Orphaned by AIDS at 16, entrepreneur pays it forward

Sibu Sibaca is an entrepreneur, activist and change driver, with a mission to fight the stigma around HIV and AIDS Picture: Supplied/Instagram

Sibu Sibaca is an entrepreneur, activist and change driver, with a mission to fight the stigma around HIV and AIDS Picture: Supplied/Instagram

Published Dec 1, 2022


Johannesburg - Sibu Sibaca (39) is an entrepreneur with a difference. She is a social entrepreneur. She deals in human capital and measures her profit. It is not only about the number of zeros in her bank account but also about the number of lives she can impact.

“Very often, when we go into business, we go into business with one thing in mind, to make money and profit. And that's great. Usually, when we talk profit, we talk profit in monetary value, and that, too, is great.

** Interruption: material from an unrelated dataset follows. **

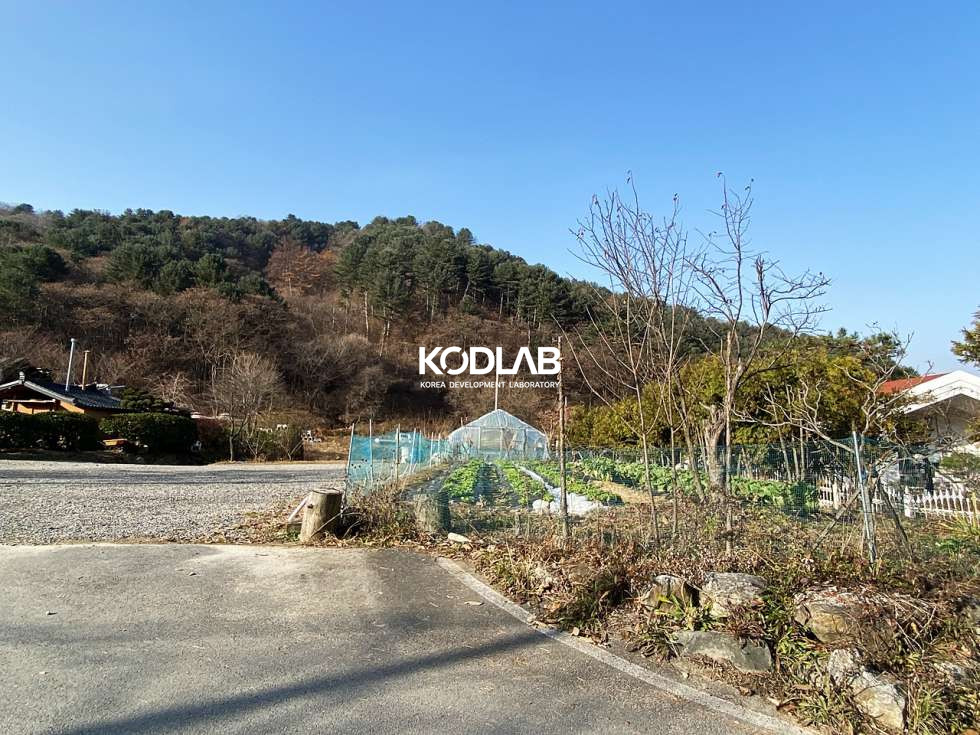 경기 양평군 서종면 문호리 인기 많은 마을, 서종면 전원주택지 매매 매물번호 10747 사진 3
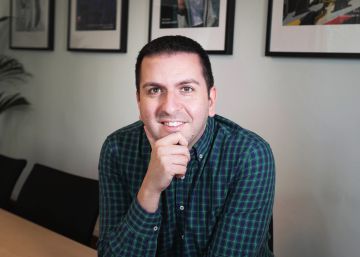 Diez horas en el salón de los idiomas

“However, the kind of gains that set my soul on fire are human gains. When I’m able to track someone's gains from getting in touch with our organisation or working with our organisation and engaging with our organisation, I can see that their lives have changed. That's the profit for me,” said Sibu.

Sibu lost both her parents to Aids and was left orphaned by the time she was 16 years old. She became one of two million Aids orphans in Sub-Saharan Africa at a time when the stigma around HIV/Aids was rife. She endured being stigmatised by her community, based on her slight frame.

Sibaca took it upon herself to change the narrative around HIV/Aids and found her platform as a youth educator with NGO, LoveLife. She used the platform to tell her story and soon caught the eye of businessman and philanthropist Richard Branson.

“When I first met Richard, he offered me a job, which I turned down because I didn't know who he was”.

“He reached out a couple of months later and invited me to the G8 Summit, and that’s when I asked for my job back, and I got to work with him for a couple of years, which was absolutely amazing. That's where the love of social entrepreneurship blossomed for me. The love of business and the love of giving back,” said Sibu.

Sibu has taken her love for social entrepreneurship a few steps further, and through her organisation, Impact Drivers, she endeavours to positively impact the lives of young women.

“Impact drivers work primarily with our core group, adolescent girls and young women between the ages 15 - 24”.

“We engage with them on sexual reproductive health and life and secondly on personal development and thirdly on entrepreneurship, and we work around HIV prevention, treatment and management,” said Sibu.

Through Impact Drivers, Sibu hopes to groom a generation of young women who are able to take charge of their lives.

“For me, I will be happy when I see girls and young women who know who they are and where they come from. Girls and young women who are assertive and make key decisions from an informed position.”

“I can never stop girls from having their first sexual debut, because it's going to happen whether I like it or not, but I would love for it, that when it does happen, for them to be in control of that first sexual experience and every sexual experience after that,” said Sibu.

Sibu highlights the importance of putting the spotlight back on HIV/Aids, particularly on the back of the Covid pandemic, suggesting that some ground in the fight against HIV may have been lost while all the attention was thrust on covid-19.

Sibu reflects on the importance of commemorating World Aids Day as a day of reflection.

“On days like this, for me, World Aids Day, in particular, I remember my ‘why’, why I got involved,” she said.